The Federal Circuit opinion walks through a lengthy analysis to conclude that the patents at issue are not listable because they do not “claim[] the drug for which the applicant submitted the application,” which the court determined was the active ingredient (albuterol sulfate). At the end of its opinion, the court acknowledges but does not “adopt or reject” Amneal’s additional arguments that the patents are not listable because they are not “drug substance” or “drug product” patents under the OBTA.

The Federal Circuit rejected Teva’s arguments that a patent “claims the drug” if the NDA product infringes the claims, explaining in a nine-page analysis that “claiming” and “infringing” have distinct meanings. The court also rejected Teva’s arguments that a patent “claims the drug” if it claims any part of the NDA product, concluding after an eight-page analysis that just because a drug-device combination product was “approved with an NDA” does not mean every part of the product is a “drug.” Rather, according to the Federal Circuit, for drug-device combination products, “the drug for which the application was submitted and approved” is only “the part of the drug-device combination that made it regulatable as a drug in the first place,” i.e., “the active ingredient.”

The definiteness requirement of 35 USC § 112 requires the claims of a patent to “particularly point[] out and distinctly claim[] the subject matter which the inventor … regards as the invention.” Throughout its analysis, the Federal Circuit opinion invokes this definiteness requirement when interpreting the Orange Book listing requirement that the patent “claims the drug for which the applicant submitted the application.” For example, the court emphasizes:

[A] patent claims the drug when it particularly points out and distinctly claims the drug as the invention.

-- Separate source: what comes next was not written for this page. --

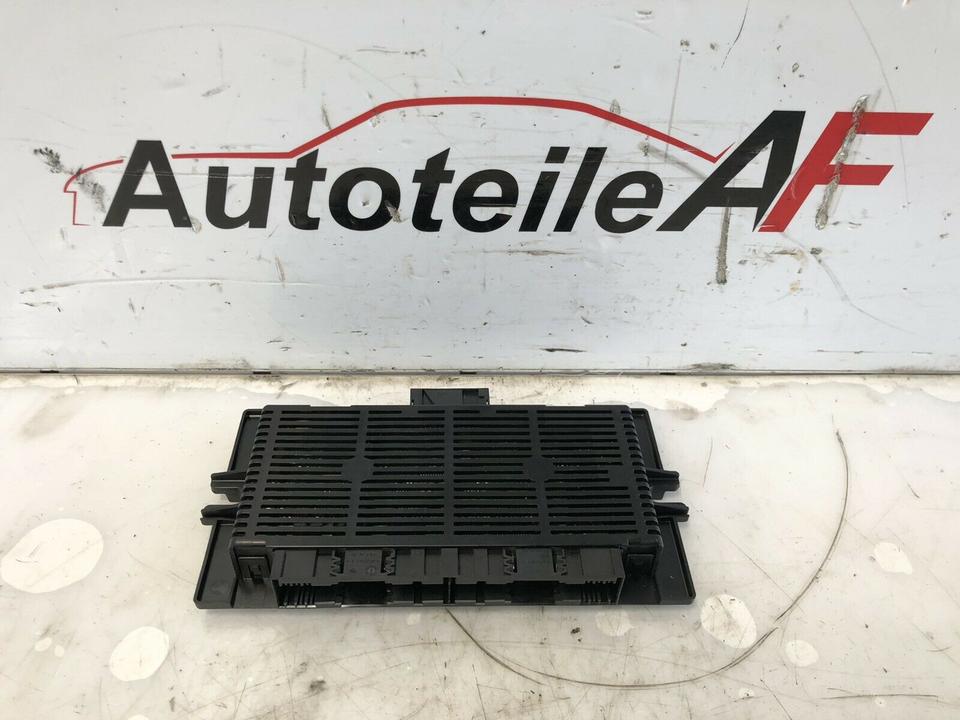 BMW 1er 3er E87 E90 E91 Fußraummodul Steuergerät 6988003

In rejecting Teva’s arguments that the patents would be listable if its claims were construed as requiring the presence of “an active drug,” the court reasoned:

[T]o claim something, a patent must particularly point out and distinctly claim what it purports to be the invention. See 35 U.S.C. § 112(b). And to qualify for listing, a patent must claim at least the active ingredient in the application and the approved drug product. …

In language that may open the door to Orange Book-listing scrutiny of generic claims, the court stated:

A claim requiring the presence of “an active drug” is far too broad to particularly point out and distinctly claim the drug approved in Teva’s NDA. Teva’s construction permits the presence of any active ingredient in any form. As a matter of law, Teva’s construction does not particularly point out and distinctly claim what was approved—the ProAir® HFA with albuterol sulfate as the active ingredient.

In its policy statement, the FTC characterized improper Orange Book listings as potentially anti-competitive behavior, and “put market participants on notice that the FTC intends to scrutinize improper Orange Book listings to determine whether these constitute unfair methods of competition in violation of Section 5 of the Federal Trade Commission Act.” As noted in the Federal Circuit opinion, Amneal also filed antitrust counterclaims, alleging that the improper listings delayed FDA approval of its generic product. Thus, even though Judge Prost opined that “[t]he attractiveness of the thirty-month stay might arguably provide an NDA holder significant incentives to improperly list patents in the Orange Book,” there are good reasons for taking care with Orange Book Listings.